Budgeting for Retirement Requires a Good Estimate of My Personal Rate of Inflation for 2012

I find the rates of inflation quoted in financial plans for retirement fascinating. I remember in the late 1980s when they were estimating 10-15% rates of inflation. Now they tend to estimate 2 or 3% as the rate of inflation we should use for retirement planning.

The reality is that no one really knows. You have to pick a number out of a hat and use it.

However one number I can truly know is what my personal rate of inflation was for the previous year (2012.) Actually, since I track my expenses every year, I could figure it out for the last 13 years easily and for more with a bit of digging for an older file.

What Was My Personal Rate of Inflation for 2012?

There were a few surprises when I worked through it.
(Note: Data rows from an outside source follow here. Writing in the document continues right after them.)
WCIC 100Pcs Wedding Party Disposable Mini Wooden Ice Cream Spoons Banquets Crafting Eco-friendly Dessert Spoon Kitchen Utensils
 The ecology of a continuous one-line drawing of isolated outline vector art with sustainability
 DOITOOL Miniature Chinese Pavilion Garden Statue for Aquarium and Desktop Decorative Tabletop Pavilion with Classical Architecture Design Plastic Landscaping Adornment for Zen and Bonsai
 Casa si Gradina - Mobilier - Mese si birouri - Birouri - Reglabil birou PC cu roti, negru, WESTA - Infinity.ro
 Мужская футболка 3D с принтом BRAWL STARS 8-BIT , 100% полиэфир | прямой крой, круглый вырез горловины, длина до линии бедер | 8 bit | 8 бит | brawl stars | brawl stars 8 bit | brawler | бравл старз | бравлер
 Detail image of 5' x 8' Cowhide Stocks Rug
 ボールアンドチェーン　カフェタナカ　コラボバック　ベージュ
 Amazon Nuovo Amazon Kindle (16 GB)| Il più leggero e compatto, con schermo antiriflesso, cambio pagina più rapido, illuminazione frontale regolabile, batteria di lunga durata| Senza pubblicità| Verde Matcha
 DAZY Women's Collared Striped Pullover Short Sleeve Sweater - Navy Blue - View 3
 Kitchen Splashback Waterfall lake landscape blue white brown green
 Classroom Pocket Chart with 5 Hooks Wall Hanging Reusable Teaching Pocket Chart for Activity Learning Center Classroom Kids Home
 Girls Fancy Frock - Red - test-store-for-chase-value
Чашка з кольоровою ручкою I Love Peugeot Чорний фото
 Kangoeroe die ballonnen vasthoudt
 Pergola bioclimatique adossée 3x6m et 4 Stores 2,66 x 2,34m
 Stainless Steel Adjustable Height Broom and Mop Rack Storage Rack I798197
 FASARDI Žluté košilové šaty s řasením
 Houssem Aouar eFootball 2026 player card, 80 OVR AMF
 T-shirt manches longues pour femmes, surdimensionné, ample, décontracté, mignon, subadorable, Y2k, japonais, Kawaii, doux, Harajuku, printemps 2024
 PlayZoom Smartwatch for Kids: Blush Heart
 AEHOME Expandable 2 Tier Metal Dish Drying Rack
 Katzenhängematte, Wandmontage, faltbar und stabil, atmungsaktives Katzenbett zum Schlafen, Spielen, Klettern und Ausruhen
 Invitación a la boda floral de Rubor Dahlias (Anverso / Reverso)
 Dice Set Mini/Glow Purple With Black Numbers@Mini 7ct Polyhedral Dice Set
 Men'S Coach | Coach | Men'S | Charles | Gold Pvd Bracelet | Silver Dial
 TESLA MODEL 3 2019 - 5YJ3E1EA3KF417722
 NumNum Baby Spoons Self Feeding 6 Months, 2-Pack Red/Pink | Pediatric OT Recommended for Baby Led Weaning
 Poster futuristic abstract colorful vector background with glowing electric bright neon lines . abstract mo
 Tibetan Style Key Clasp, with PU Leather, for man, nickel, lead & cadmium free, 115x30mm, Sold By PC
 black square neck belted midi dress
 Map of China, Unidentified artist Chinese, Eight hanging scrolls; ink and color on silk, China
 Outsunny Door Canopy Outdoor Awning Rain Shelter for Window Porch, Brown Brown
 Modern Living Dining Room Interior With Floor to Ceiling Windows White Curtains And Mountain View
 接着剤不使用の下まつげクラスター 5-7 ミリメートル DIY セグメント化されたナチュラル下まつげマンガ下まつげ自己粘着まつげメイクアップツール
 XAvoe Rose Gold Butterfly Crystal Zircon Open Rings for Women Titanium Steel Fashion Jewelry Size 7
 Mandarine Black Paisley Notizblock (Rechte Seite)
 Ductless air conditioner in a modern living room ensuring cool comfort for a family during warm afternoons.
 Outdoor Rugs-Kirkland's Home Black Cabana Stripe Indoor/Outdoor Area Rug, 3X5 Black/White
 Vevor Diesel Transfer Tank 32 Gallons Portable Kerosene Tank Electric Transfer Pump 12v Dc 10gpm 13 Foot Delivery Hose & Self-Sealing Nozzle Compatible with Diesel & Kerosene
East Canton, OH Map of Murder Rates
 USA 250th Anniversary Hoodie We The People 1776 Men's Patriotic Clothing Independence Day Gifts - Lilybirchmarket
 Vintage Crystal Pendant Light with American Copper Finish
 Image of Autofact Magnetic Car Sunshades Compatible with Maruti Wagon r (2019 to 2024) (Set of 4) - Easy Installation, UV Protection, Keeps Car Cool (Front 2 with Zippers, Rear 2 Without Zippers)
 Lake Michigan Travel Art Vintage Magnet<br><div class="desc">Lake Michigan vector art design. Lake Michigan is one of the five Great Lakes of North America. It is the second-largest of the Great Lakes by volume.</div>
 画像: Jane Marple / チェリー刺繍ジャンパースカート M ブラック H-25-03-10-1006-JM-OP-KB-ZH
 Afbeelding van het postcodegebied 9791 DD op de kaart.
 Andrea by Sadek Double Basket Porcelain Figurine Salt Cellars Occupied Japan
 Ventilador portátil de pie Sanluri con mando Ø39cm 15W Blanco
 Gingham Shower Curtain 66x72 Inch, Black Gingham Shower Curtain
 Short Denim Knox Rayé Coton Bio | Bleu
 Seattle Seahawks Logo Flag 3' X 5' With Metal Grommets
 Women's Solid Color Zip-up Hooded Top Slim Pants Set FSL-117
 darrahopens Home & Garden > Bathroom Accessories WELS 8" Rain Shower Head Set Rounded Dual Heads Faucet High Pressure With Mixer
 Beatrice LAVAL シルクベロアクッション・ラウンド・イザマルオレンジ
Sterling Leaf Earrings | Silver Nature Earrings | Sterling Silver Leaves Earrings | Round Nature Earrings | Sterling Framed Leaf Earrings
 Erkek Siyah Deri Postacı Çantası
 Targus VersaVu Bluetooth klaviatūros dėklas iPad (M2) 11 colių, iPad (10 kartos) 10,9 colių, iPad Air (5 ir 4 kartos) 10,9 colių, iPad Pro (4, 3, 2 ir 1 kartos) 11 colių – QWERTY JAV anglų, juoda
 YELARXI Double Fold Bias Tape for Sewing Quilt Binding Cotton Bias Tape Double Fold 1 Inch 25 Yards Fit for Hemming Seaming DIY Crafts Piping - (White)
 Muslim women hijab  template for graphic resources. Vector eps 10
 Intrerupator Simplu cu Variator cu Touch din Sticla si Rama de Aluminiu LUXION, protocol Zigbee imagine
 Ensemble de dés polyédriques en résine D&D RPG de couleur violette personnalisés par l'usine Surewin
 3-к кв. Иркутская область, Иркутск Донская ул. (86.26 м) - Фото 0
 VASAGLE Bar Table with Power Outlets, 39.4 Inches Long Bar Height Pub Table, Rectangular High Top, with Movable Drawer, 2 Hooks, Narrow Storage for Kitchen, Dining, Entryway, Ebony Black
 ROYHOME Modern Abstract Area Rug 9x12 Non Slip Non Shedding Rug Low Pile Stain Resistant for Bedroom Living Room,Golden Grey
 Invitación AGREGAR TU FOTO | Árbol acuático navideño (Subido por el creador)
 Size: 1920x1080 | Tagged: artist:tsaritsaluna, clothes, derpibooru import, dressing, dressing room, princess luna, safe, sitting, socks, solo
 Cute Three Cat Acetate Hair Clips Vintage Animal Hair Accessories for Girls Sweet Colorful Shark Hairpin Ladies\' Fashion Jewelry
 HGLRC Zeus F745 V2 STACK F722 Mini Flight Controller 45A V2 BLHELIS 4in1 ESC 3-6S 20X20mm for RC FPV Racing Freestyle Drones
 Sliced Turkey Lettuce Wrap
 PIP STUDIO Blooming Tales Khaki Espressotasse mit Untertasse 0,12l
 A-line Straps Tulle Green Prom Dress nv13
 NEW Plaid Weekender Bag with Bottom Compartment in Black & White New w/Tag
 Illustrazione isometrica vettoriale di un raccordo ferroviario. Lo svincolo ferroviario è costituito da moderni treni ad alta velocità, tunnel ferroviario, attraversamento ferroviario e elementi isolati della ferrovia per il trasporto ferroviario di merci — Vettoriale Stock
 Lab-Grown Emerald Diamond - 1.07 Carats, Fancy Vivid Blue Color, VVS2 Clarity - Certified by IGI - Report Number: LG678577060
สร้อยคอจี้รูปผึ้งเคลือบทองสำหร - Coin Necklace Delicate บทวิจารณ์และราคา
The following are my rates of inflation on various goods and services:

  • Water 11.34%
  • Internet access 6.7%
  • Electricity 6.57%
  • Cable for TV 5.2%
  • Car 2 insurance 3.96%
  • Property taxes 2.1%
  • Telephone including long distance 1%
  • Car 1 insurance 0.7%
  • House insurance 0.1%
  • Natural gas -13.3%
  • Gasoline -38.1%

A bit of thinking led to the following interpretations:

Water rates went up to help fund waste water treatment. We only used 1 m3 more water despite the drought.

Electricity switched from a two-tiered pricing structure to time-of-use pricing in mid-year. Given the hot summer compared to 2011, it’s surprising our rate didn’t increase more. We did, however, only run the air conditioning after 7 p.m. and before 6 a.m.

The insurance increased on Car 2 because it is not the same car. It is now a 2012 to replace the former 2004.

Natural gas was much cheaper in 2012 due to shale gas production volumes. I went back and checked and the price is down 1% per m3. The bulk of the savings, though, was due to the extremely mild winter and therefore lower natural gas usage.

Gasoline was way down because we didn’t have 2 cars for 6 months, we only had 1. We also didn’t make a road trip to the Maritimes this year. The actual average price per litre was up for the year.

The Combined Rate of Inflation for 2012

Now the above figures are a good explanation for why percentages are not always reliable indicators. It’s very hard to look at those numbers and estimate our total inflation for 2012.

I did calculate the percentage increase in spending to pay for all of the above items, with gasoline included. Our rate of inflation was minus 3.1%. That’s right; we actually spent less on those items in 2012 than in 2011.

However, a more realistic rate of inflation took out the impact of the substantial savings for gasoline. When I recalculated without our gasoline costs, our personal inflation rate for 2012 was 1.6%.

That’s right, only 1.6%.

I was quite surprised. Admittedly, it would have been worse if we’d had 2 cars for the whole year and if the weather had been colder in the winter.

What Inflation Factor Do I Use to Plan for Retirement?

For retirement purposes, I usually assume inflation will be astronomical and investment returns will be pitiful. This gives me more incentive to save lots.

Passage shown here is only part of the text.